Pria ramah ini mengaku, belum mengetahui penyebab pastinya minimnya serapan CSR tersebut. Dugaan sementara, keterlambatan program karena munculnya gejolak kompensasi yang dihentikan sejak Januari 2016.

Hal ini juga diakui oleh Kepala Desa (Kades) Rahayu, Sukisno. Orang nomor satu di Desa Rahayu ini, langsung melakukan gerak cepat untuk mengoptimalkan dana yang tersedia.

Terhitung sejak bulan Desember 2016 sampai Februari 2017, serapan CSR baru 30 persen. Sisanya bakal dioptimalkan sampai kuartal kedua periode ini. Hanya saja dari 30 persen dana yang diserap, belum semuanya ditransfer ke rekening desa.

Baca Juga :   Sumur 24 Dongkrak Produksi Minyak Sukowati

“Kami saat ini juga sedang ditagih pihak ketiga selaku rekanan pamong desa dalam mengalokasikan CSR,” terang Kisno.

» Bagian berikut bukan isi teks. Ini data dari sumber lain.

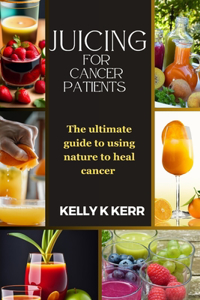 Juicing for Cancer Patients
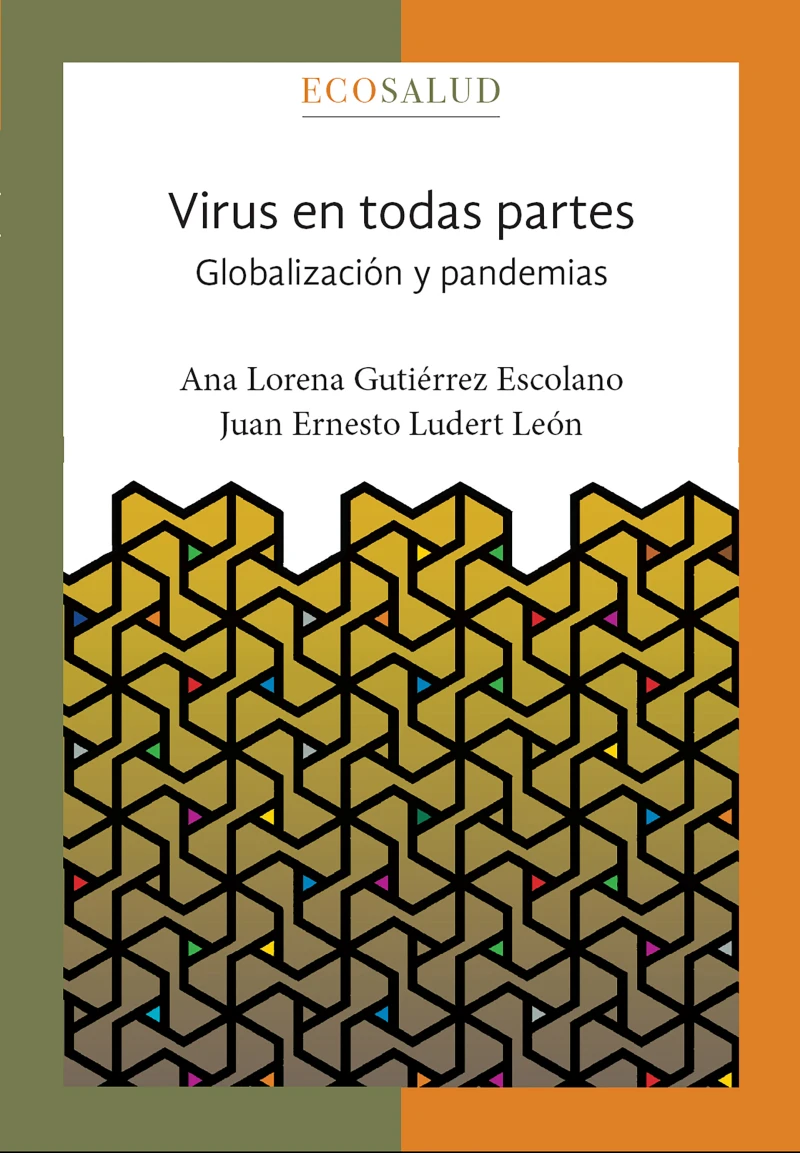 Portada: Virus en todas partes. Globalización y pandemias. Ecosalud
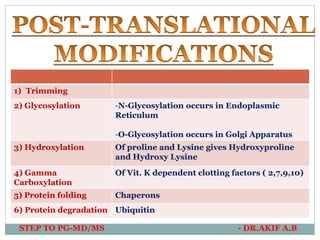 1) Trimming
2) Glycosylation -N-Glycosylation occurs in Endoplasmic
Reticulum
-O-Glycosylation occurs in Golgi Apparatus
3) Hydroxylation Of proline and Lysine gives Hydroxyproline
and Hydroxy Lysine
4) Gamma
Carboxylation
Of Vit. K dependent clotting factors ( 2,7,9,10)
5) Protein folding Chaperons
6) Protein degradation Ubiquitin
STEP TO PG-MD/MS - DR.AKIF A.B
 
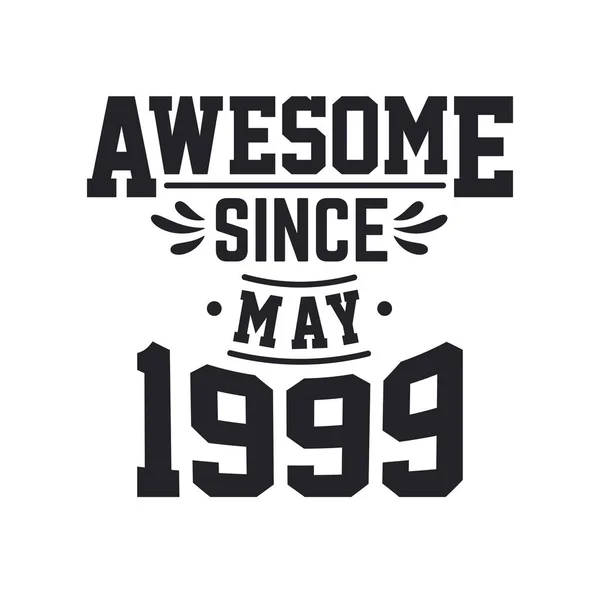 Nacido Mayo 1999 Retro Vintage Cumpleaños Impresionante Desde Mayo 1999 — Archivo Imágenes Vectoriales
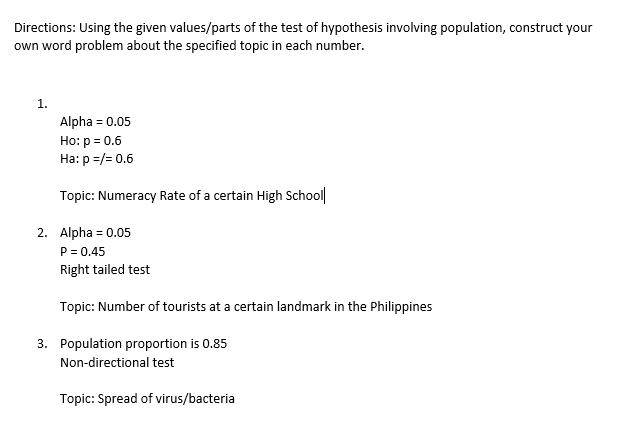 Directions: Using the given values/parts of the test of hypothesis involving population, construct your
own word problem about the specified topic in each number.
1.
Alpha= 0.05
Ho: p = 0.6
Ha: p=/= 0.6
Topic: Numeracy Rate of a certain High School
2. Alpha=0.05
P = 0.45
Right tailed test
Topic: Number of tourists at a certain landmark in the Philippines
3. Population proportion is 0.85
Non-directional test
Topic: Spread of virus/bacteria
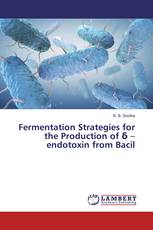 Fermentation Strategies for the Production of δ – endotoxin from Bacil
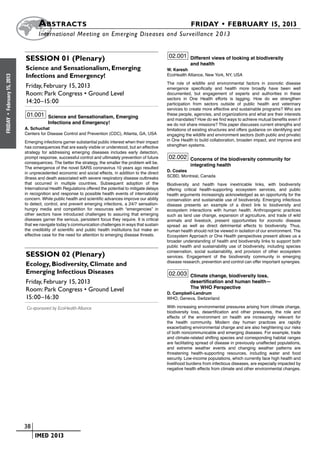A bstracts	                                                                        FRIDAY • FEBRUARY 15, 2013
                            	International Meeting on Emerging Diseases and Surveillance 2 013


                       Session 01 (Plenary)                                                         02.001 Different views of looking at biodiversity
                                                                                                               and health
                       Science and Sensationalism, Emerging                                        W. Karesh
                       Infections and Emergency!                                                   EcoHealth Alliance, New York, NY, USA
February 15, 2013




                                                                                                   The role of wildlife and environmental factors in zoonotic disease
                       Friday, February 15, 2013                                                   emergence specifically and health more broadly have been well
                       Room: Park Congress • Ground Level                                          documented, but engagement of experts and authorities in these
                                                                                                   sectors in One Health efforts is lagging. How do we strengthen
                       14:20–15:00                                                                 participation from sectors outside of public health and veterinary
                                                                                                   services to create more effective and sustainable programs? Who are
                       01.001 Science and Sensationalism, Emerging                                 these people, agencies, and organizations and what are their interests
 •




                                                                                                   and mandates? How do we find ways to achieve mutual benefits even if
FRIDAY




                                  Infections and Emergency!                                        we do not share missions? This paper discusses current strengths and
                      A. Schuchat                                                                  limitations of existing structures and offers guidance on identifying and
                      Centers for Disease Control and Prevention (CDC), Atlanta, GA, USA           engaging the wildlife and environment sectors (both public and private)
                      Emerging infections garner substantial public interest when their impact     in One Health to build collaboration, broaden impact, and improve and
                      has consequences that are easily visible or understood, but an effective     strengthen systems.
                      strategy for addressing emerging diseases includes early detection,
                      prompt response, successful control and ultimately prevention of future       02.002 Concerns of the biodiversity community for
                      consequences. The better the strategy, the smaller the problem will be.
                                                                                                               integrating health
                      The emergence of the novel SARS coronavirus 10 years ago resulted
                                                                                                   D. Coates
                      in unprecedented economic and social effects, in addition to the direct
                                                                                                   SCBD, Montreal, Canada
                      illness and death associated with severe respiratory disease outbreaks
                      that occurred in multiple countries. Subsequent adoption of the              Biodiversity and health have inextricable links, with biodiversity
                      International Health Regulations offered the potential to mitigate delays    offering critical health-supporting ecosystem services, and public
                      in recognition and response to possible health events of international       health arguments increasingly acknowledged as an opportunity for the
                      concern. While public health and scientific advances improve our ability     conservation and sustainable use of biodiversity. Emerging infectious
                      to detect, control, and prevent emerging infections, a 24/7 sensation-       disease presents an example of a direct link to biodiversity and
                      hungry media and competition for resources with “emergencies” in             ecosystem interactions with human health. Anthropogenic practices
                      other sectors have introduced challenges to assuring that emerging           such as land use change, expansion of agriculture, and trade of wild
                      diseases garner the serious, persistent focus they require. It is critical   animals and livestock, present opportunities for zoonotic disease
                      that we navigate today’s communication challenges in ways that sustain       spread as well as direct detrimental effects to biodiversity. Thus,
                      the credibility of scientific and public health institutions but make an     human health should not be viewed in isolation of our environment. The
                      effective case for the need for attention to emerging disease threats.       Ecosystem Approach or One Health perspectives present allows us a
                                                                                                   broader understanding of health and biodiversity links to support both
                                                                                                   public health and sustainability use of biodiversity, including species
                                                                                                   conservation, social sustainability, and provision of other ecosystem
                       Session 02 (Plenary)                                                        services. Engagement of the biodiversity community in emerging
                                                                                                   disease research, prevention and control can offer important synergies.
                       Ecology, Biodiversity, Climate and
                       Emerging Infectious Diseases                                                02.003 Climate change, biodiversity loss,
                       Friday, February 15, 2013                                                               desertification and human health—
                       Room: Park Congress • Ground Level                                                      The WHO Perspective
                                                                                                   D. Campbell-Lendrum
                       15:00–16:30                                                                 WHO, Geneva, Switzerland

                       Co-sponsored by EcoHealth Alliance                                          With increasing environmental pressures arising from climate change,
                                                                                                   biodiversity loss, desertification and other pressures, the role and
                                                                                                   effects of the environment on health are increasingly relevant for
                                                                                                   the health community. Modern day human practices are rapidly
                                                                                                   exacerbating environmental change and are also heightening our risks
                                                                                                   of both noncommunicable and emerging diseases. For example, trade
                                                                                                   and climate-related shifting species and corresponding habitat ranges
                                                                                                   are facilitating spread of disease in previously unaffected populations,
                                                                                                   and extreme weather events and changing weather patterns are
                                                                                                   threatening health-supporting resources, including water and food
                                                                                                   security. Low-income populations, which currently face high health and
                                                                                                   livelihood burdens from infectious diseases, are especially impacted by
                                                                                                   negative health effects from climate and other environmental changes.




                    	 38
                    	    	 IMED 2013
 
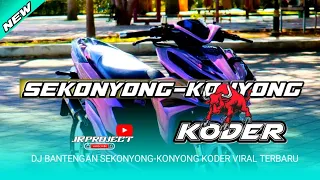 Download DJ BANTENGAN SEKONYONG-KONYONG KODER VIRAL TERBARU MP3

Ketika disinggung berapa jumlah nilai CSR tahun 2017, Kades ring 1 Lapangan Mudi, Blok Tuban ini,  belum mengetahuinya. Hal ini membuat pemdes kesulitan menyusun program pemberdayaan masyarakat.

Apalagi penerimaan CSR tersebut akan disesuaikan dengan rencana Anggaran Pendapatan dan Belanja Desa (APBDes) untuk bidang pendidikan, lingkungan, kesehatan, infrastruktur dan pemberdayaan masyarakat.

Selama dua tahun terakhir jumlah CSR yang diterimanya berkurang. Catatannya, CSR tahun 2015 sebesar Rp 540 juta, dan di tahun 2016 turun menjadi Rp 421 juta lebih. Sedangkan untuk tahun ini diprediksi menerima CSR lebih sedikit yakni di kisaran Rp 400 juta.

“Penyebabnya jumlah produksi Migas dari Lapangan Mudi, maupun Sukowati Bojonegoro turun,” pungkasnya.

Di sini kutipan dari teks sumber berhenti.